RabbittMQ Dealing with Failure

rabbitmq-ha

Goal

To figure out a sample, but an implementable way of handling RabbitMQ failure. We are going to set up a RabbitMQ cluster on your local device with HAProxy as a load balancer, and synchronizing queues between different RabbitMQ nodes will also be included.

Setup Environment

In this post, I'm going to use Ubuntu 18.04.3 LTS and going to build RabbitMQ and HAProxy from the source package with the latest version.

Ruby is the programming language for the following examples.

I'm not going to use the docker images which are ready on Docker hub. This time we can do it step by step to see how it works.

Install Build Environment

sudo apt update
sudo apt -y install autoconf libncurses-dev build-essential
sudo apt -y install m4 unixodbc-dev libssl-dev libwxgtk3.0-dev libglu-dev fop xsltproc g++ default-jdk libxml2-utils

Install Ruby Bunny

As described on the document, bunny is easy to use, feature-complete Ruby client for RabbitMQ.

sudo apt -y install ruby
sudo gem install bunny

Install Erlang

Erlang, the programming language that Ericsson had originally developed for their telephone switching gear. What grabbed Matthias’s attention was that Erlang excelled at distributed programming and robust failure recovery.
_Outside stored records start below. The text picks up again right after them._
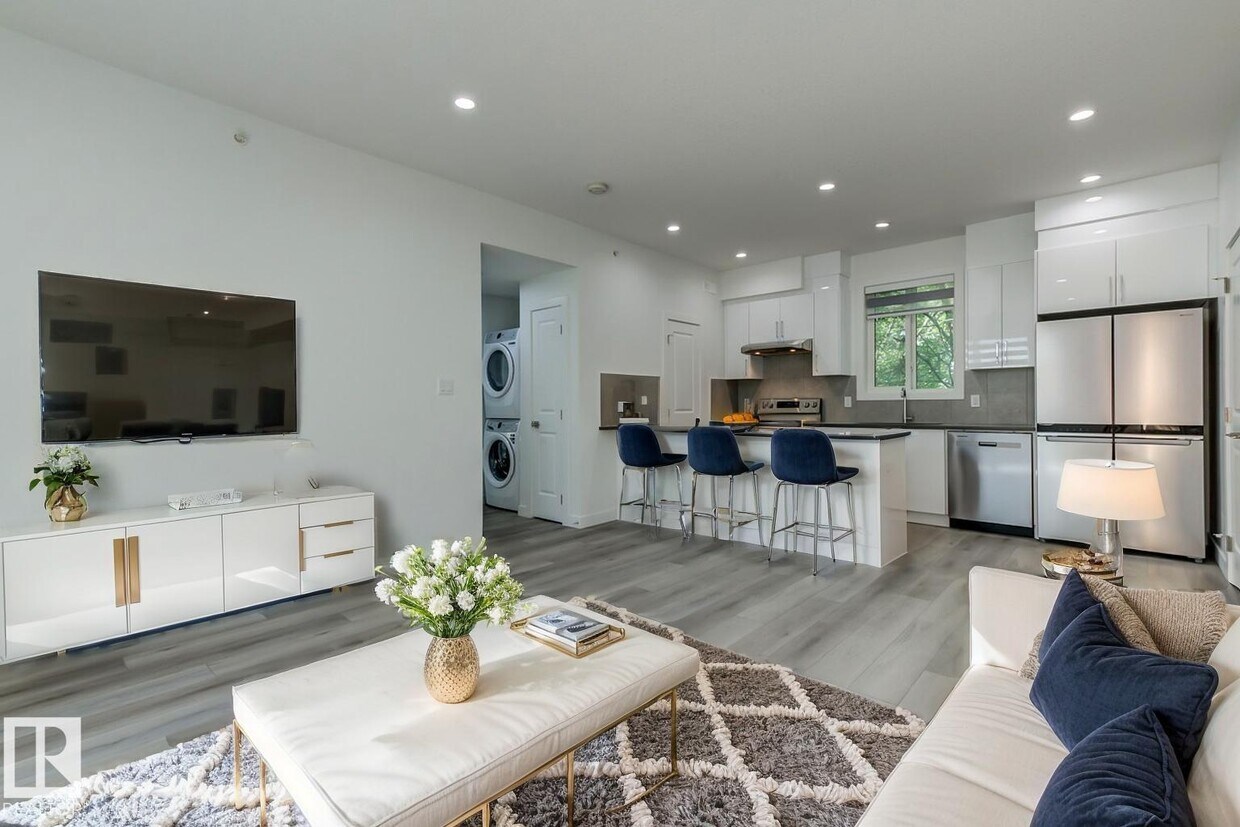 Photo principale - 10751 85 Ave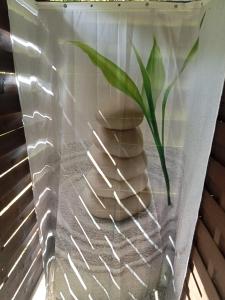 un jarrón con una planta en una ventana en tente nature, en Plouray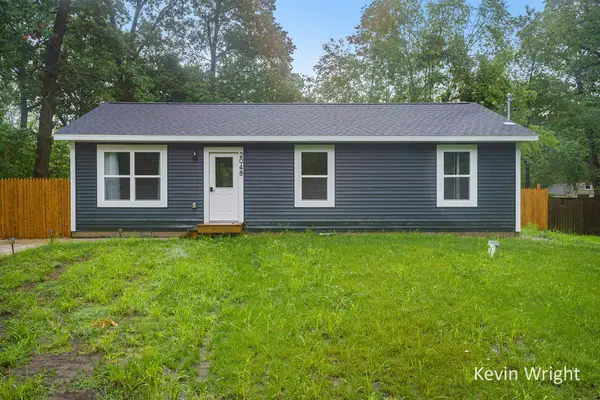 2048 Center Street, Muskegon, MI 49442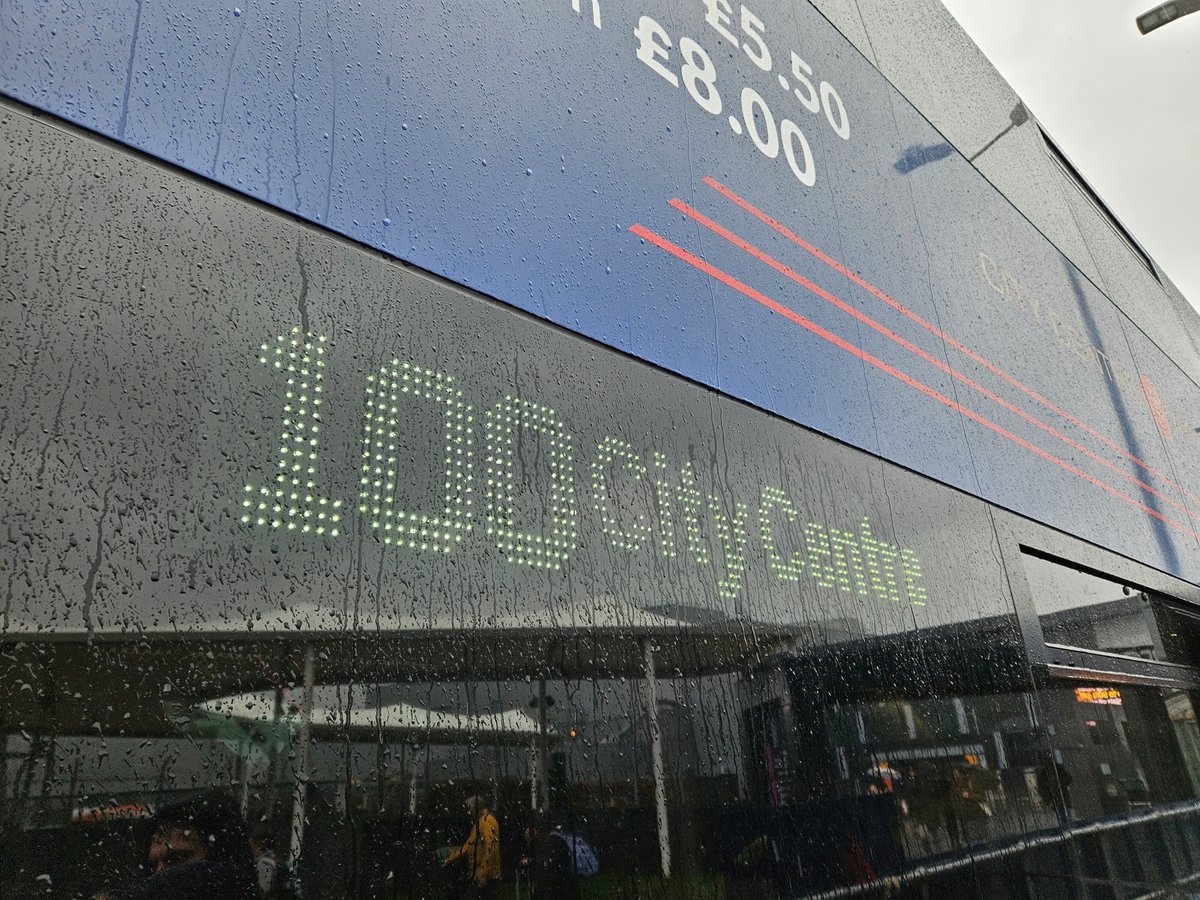 エアリンク 100 によるエジンバラ空港EDIから市内中心部へのシャトルバス送迎Klook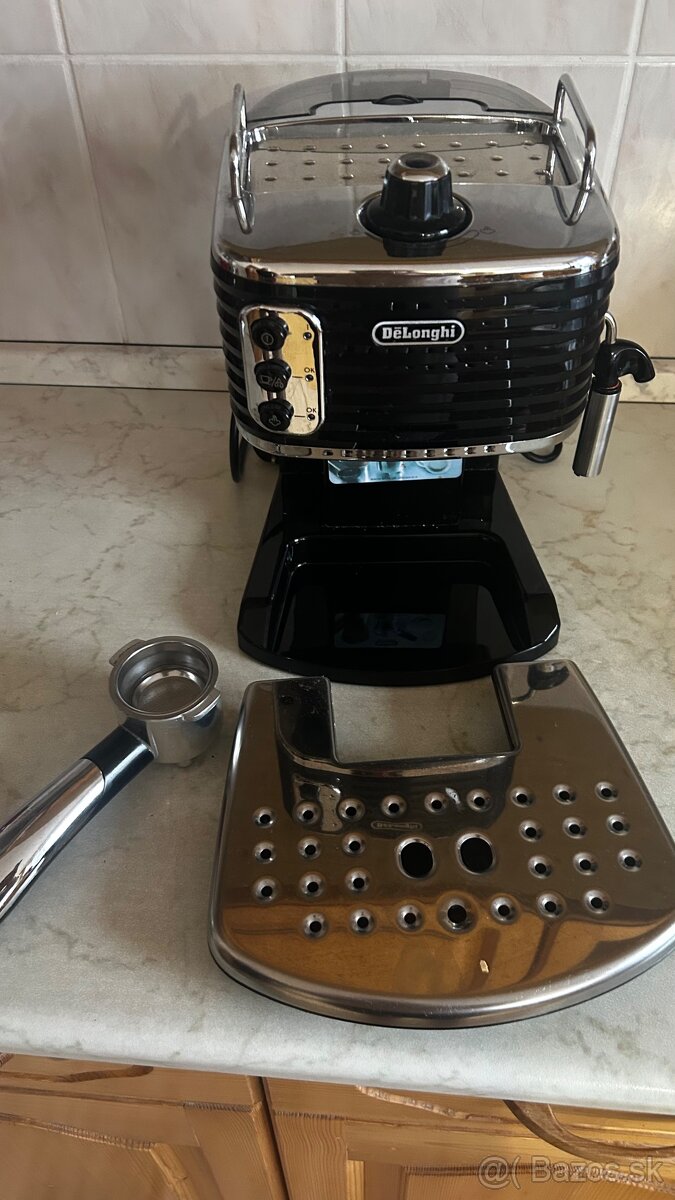 Pákový DeLonghi kávovar - 3
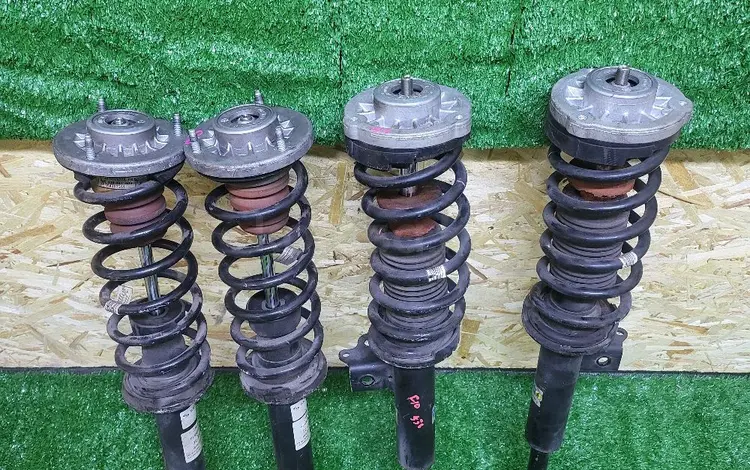 Задние стойки на BMW F10 за 80 000 тг. в Астана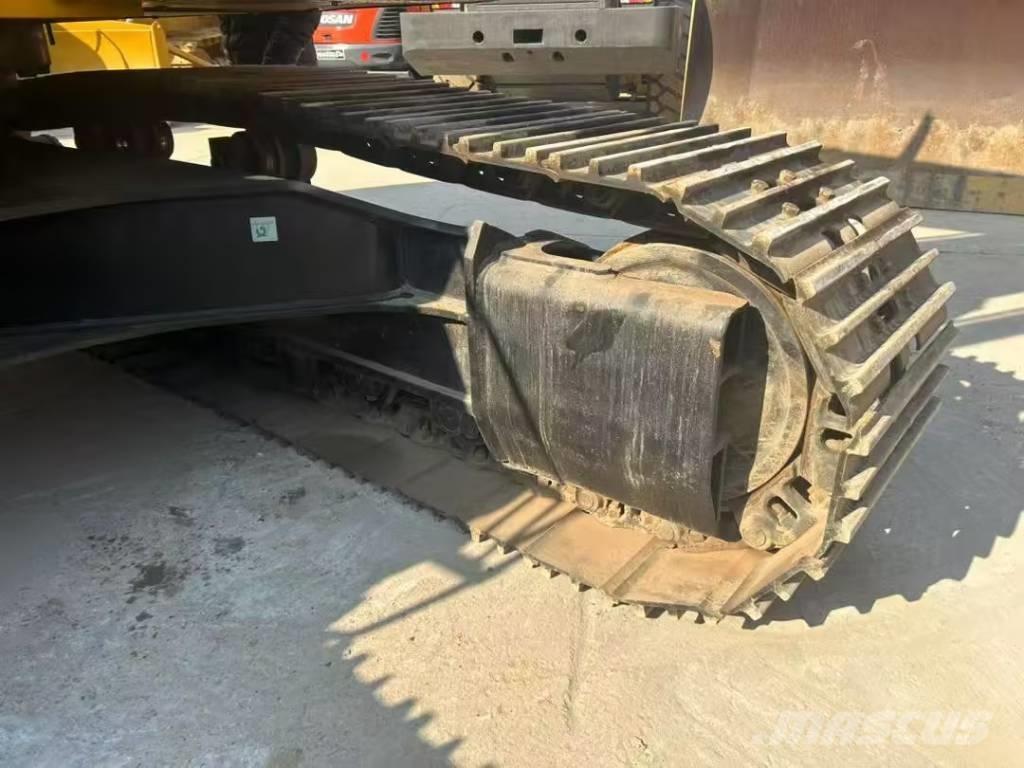 CAT 330D2L Bagri goseničarji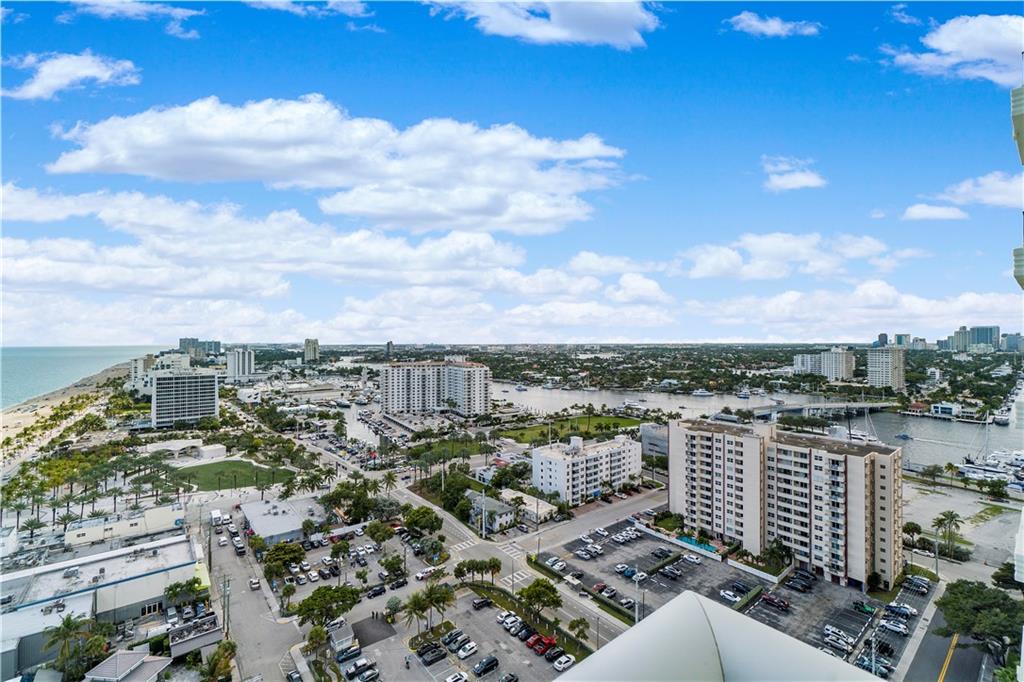 Las Olas Beach Club - Residential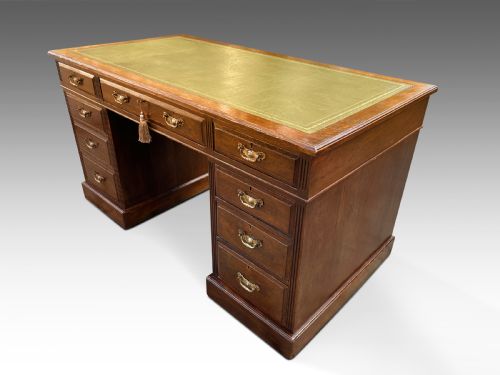 A LARGE OAK EDWARDIAN WRITING DESK - ADDITIONAL PHOTO 4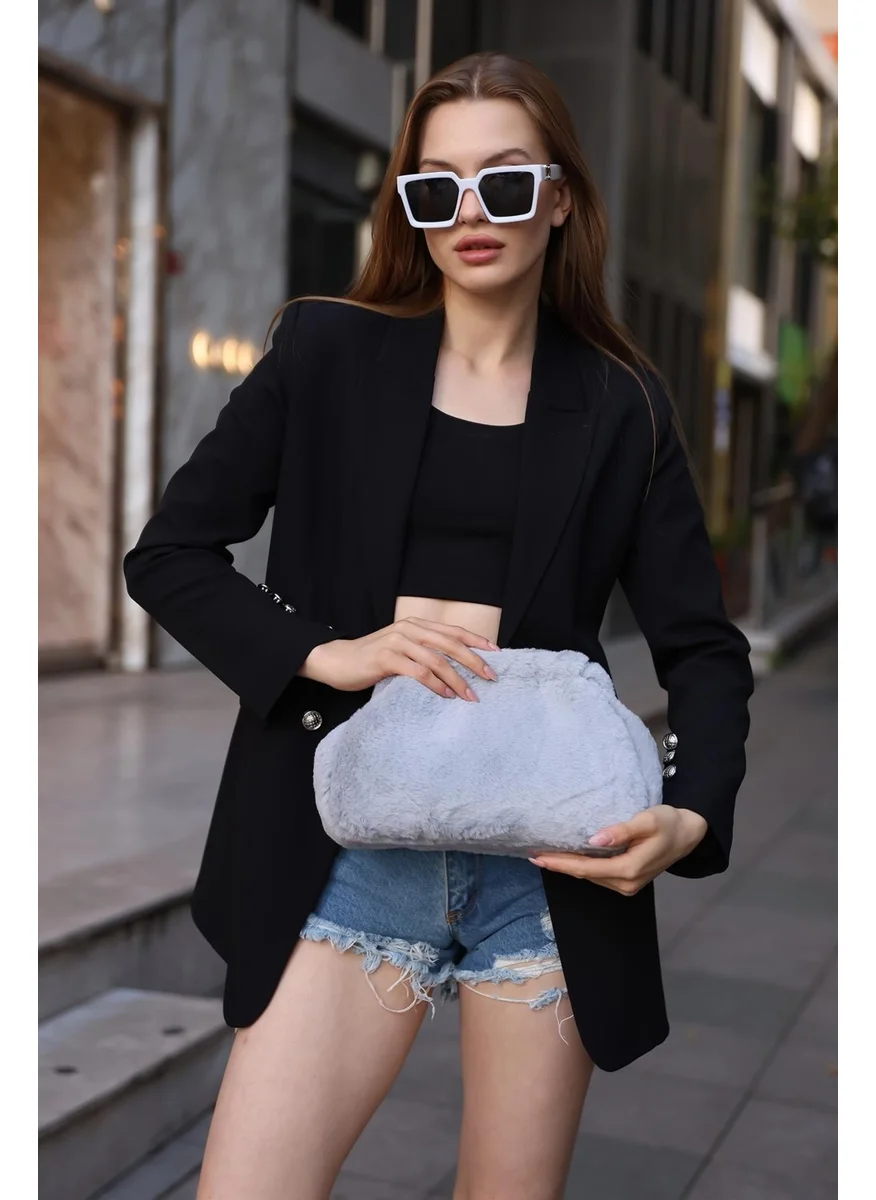 باهلس Women's Gray Soft Plush Clutch Bag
RabbitMQ in Action: Distributed Messaging for Everyone Book by Alvaro Videla and Jason J. W. Williams

RabbitMQ is written by Erlang, also has the advantages of Erlang.

wget http://erlang.org/download/otp_src_22.2.tar.gz
tar -zxf otp_src_22.2.tar.gz
cd otp_src_22.2
export ERL_TOP=`pwd`
./configure
make
sudo make install

Install RabbitMQ

Thanks to Erlang VM, we don't need to rebuild the package, we can use RabbitMQ after unpacking it.

cd ~
wget https://github.com/rabbitmq/rabbitmq-server/releases/download/v3.8.2/rabbitmq-server-generic-unix-3.8.2.tar.xz
tar -xf rabbitmq-server-generic-unix-3.8.2.tar.xz
cd rabbitmq_server-3.8.2

Install HAProxy

# Install HAProxy
wget http://www.haproxy.org/download/2.1/src/haproxy-2.1.2.tar.gz
tar xfz haproxy-2.1.2.tar.gz
cd haproxy-2.1.
make clean
make -j $(nproc) TARGET=linux-glibc
sudo make install

Setup RabbitMQ Cluster

Pull Up Servers

First, we should create pull up three RabbitMQ servers in the background, and each one has its port.

# Pull up servers
RABBITMQ_NODE_PORT=5672 RABBITMQ_NODENAME=rabbit ./sbin/rabbitmq-server --detached
RABBITMQ_NODE_PORT=5673 RABBITMQ_NODENAME=rabbit_1 ./sbin/rabbitmq-server -detached
RABBITMQ_NODE_PORT=5674 RABBITMQ_NODENAME=rabbit_2  ./sbin/rabbitmq-server -detached

Join Cluster

Then, Join the rabbit_1 and rabbit2 to rabbit@host01 to form a RabbitMQ cluster. To keep the servers pure, we have to stop them first and run reset.

# Join cluster 
./sbin/rabbitmqctl -n rabbit_1@host01 stop_app
./sbin/rabbitmqctl -n rabbit_1@host01 reset
./sbin/rabbitmqctl -n rabbit_1@host01 join_cluster rabbit@host01

./sbin/rabbitmqctl -n rabbit_2@host01 stop_app
./sbin/rabbitmqctl -n rabbit_2@host01 reset
./sbin/rabbitmqctl -n rabbit_2@host01 join_cluster rabbit@host01

Run RabbitMQ Apps

After the management enabled on the first node, we can access the dashboard by open http://localhost:15672/#/, or by running a command line ./sbin/rabbitmqctl cluster_status.

# Start RabbitMQ Apps
./sbin/rabbitmqctl  -n rabbit_1@host01 start_app
./sbin/rabbitmqctl  -n rabbit_2@host01 start_app
./sbin/rabbitmq-plugins enable rabbitmq_management
./sbin/rabbitmqctl -n rabbit_2@host01  cluster_status

rabbitmq-cluster-status

Remote Access

If you do not visit the dashboard from localhost, you should setup a new user for remote access.

# set a new user
./sbin/rabbitmqctl add_user test test
./sbin/rabbitmqctl set_user_tags test administrator
./sbin/rabbitmqctl set_permissions -p / test ".*" ".*" ".*"

rabbitmq-cluster-overview

All RabbitMQ nodes are up and running well in a cluster.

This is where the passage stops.